- _TASK GOAL_
Your job is to retype the records exactly while dropping every picture.

--- MATERIAL FOR THIS EXERCISE ---

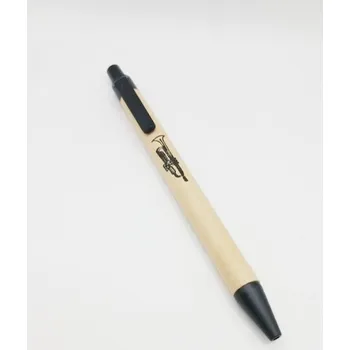 Pero s potiskem hudebního nástroje trumpety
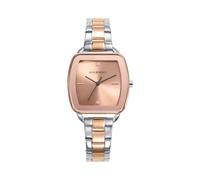 Viceroy Reloj analógico Fashion 42454-77 Acero inox plateado/rosado caja rectangular cristales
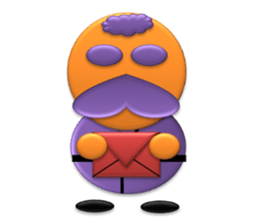 Small grandpa W sticker #3284100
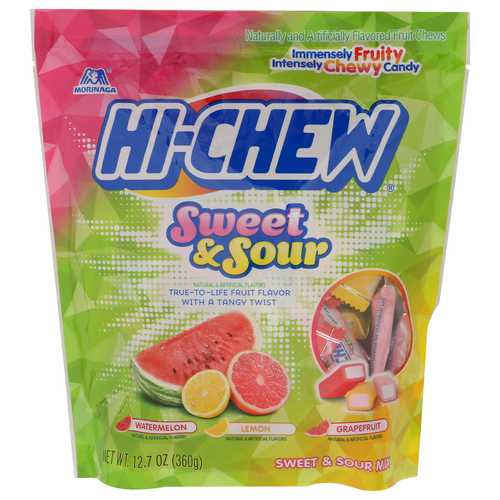HI-CHEW Grapefruit, Lemon, Lime Sweet & Sour Sup - 12.7 Ounce
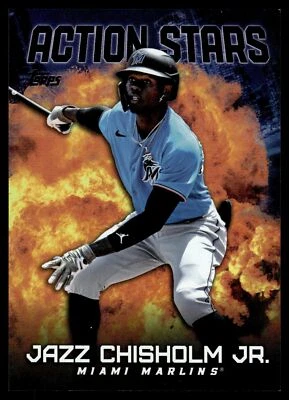 2023 Topps Update JAZZ CHISHOLM JR. ACTION STARS BLACK PARALLEL 8/299 AS-30 - Image 1 of 2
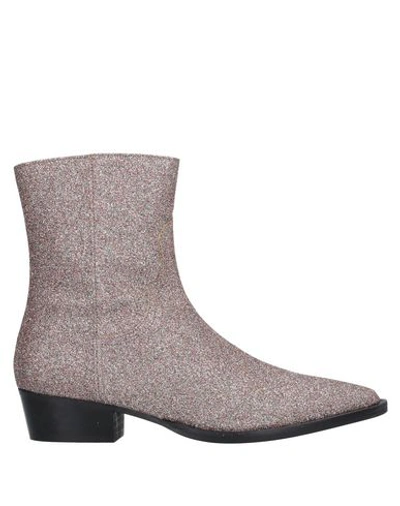 Shop Gestuz Ankle Boots In Platinum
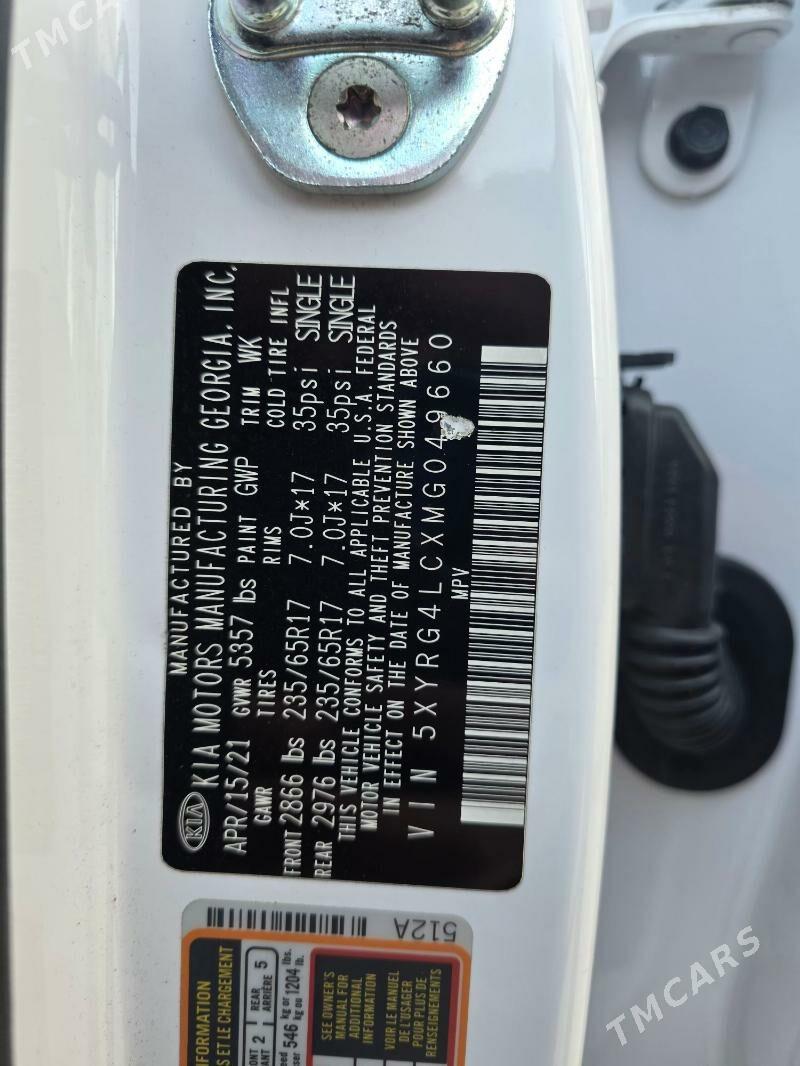 Kia Sorento 2021 - 353 700 TMT - Ашхабад - img 9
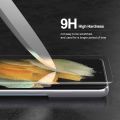 Samsung Galaxy S21 Ultra 5G Sreen Protector Tempered Glass, Fingerprint Scaner 3D Liquid Transparent Clear Film Case Friendly Anti-Scratch Protector for Samsung Galaxy S21 Ultra 2021 ( Pack Of 1 ). 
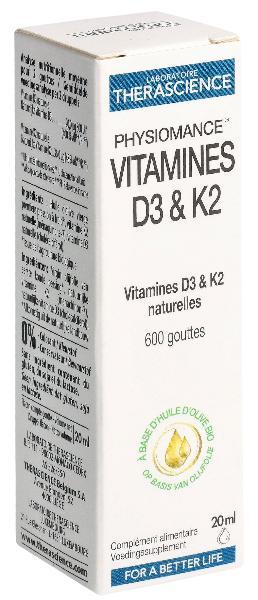 Physiomance Vitamin D3 & K2 Drops (20ml)
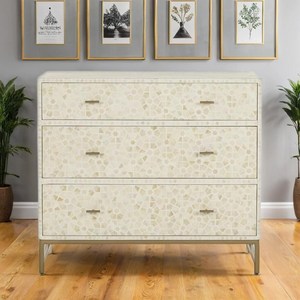 โต๊ะข้างเตียงตกแต่งทำมือคุณภาพสูง พร้อมงานฝังลายละเอียดอ่อน ราคาโรงงาน - Product Image 1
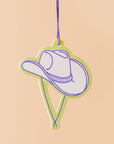 Cowgirl Hat Air Freshener - Green Apple - Bachelorette favor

---

- _RESPONSE TO THIS TASK_
 Pero s potiskem hudebního nástroje trumpety
 Viceroy Reloj analógico Fashion 42454-77 Acero inox plateado/rosado caja rectangular cristales
 Small grandpa W sticker #3284100
HI-CHEW Grapefruit, Lemon, Lime Sweet & Sour Sup - 12.7 Ounce
 2023 Topps Update JAZZ CHISHOLM JR. ACTION STARS BLACK PARALLEL 8/299 AS-30 - Image 1 of 2
 Shop Gestuz Ankle Boots In Platinum
 Kia Sorento 2021 - 353 700 TMT - Ашхабад - img 9
 Samsung Galaxy S21 Ultra 5G Sreen Protector Tempered Glass, Fingerprint Scaner 3D Liquid Transparent Clear Film Case Friendly Anti-Scratch Protector for Samsung Galaxy S21 Ultra 2021 ( Pack Of 1 ). 
 Physiomance Vitamin D3 & K2 Drops (20ml)
 โต๊ะข้างเตียงตกแต่งทำมือคุณภาพสูง พร้อมงานฝังลายละเอียดอ่อน ราคาโรงงาน - Product Image 1
 Cowgirl Hat Air Freshener - Green Apple - Bachelorette favor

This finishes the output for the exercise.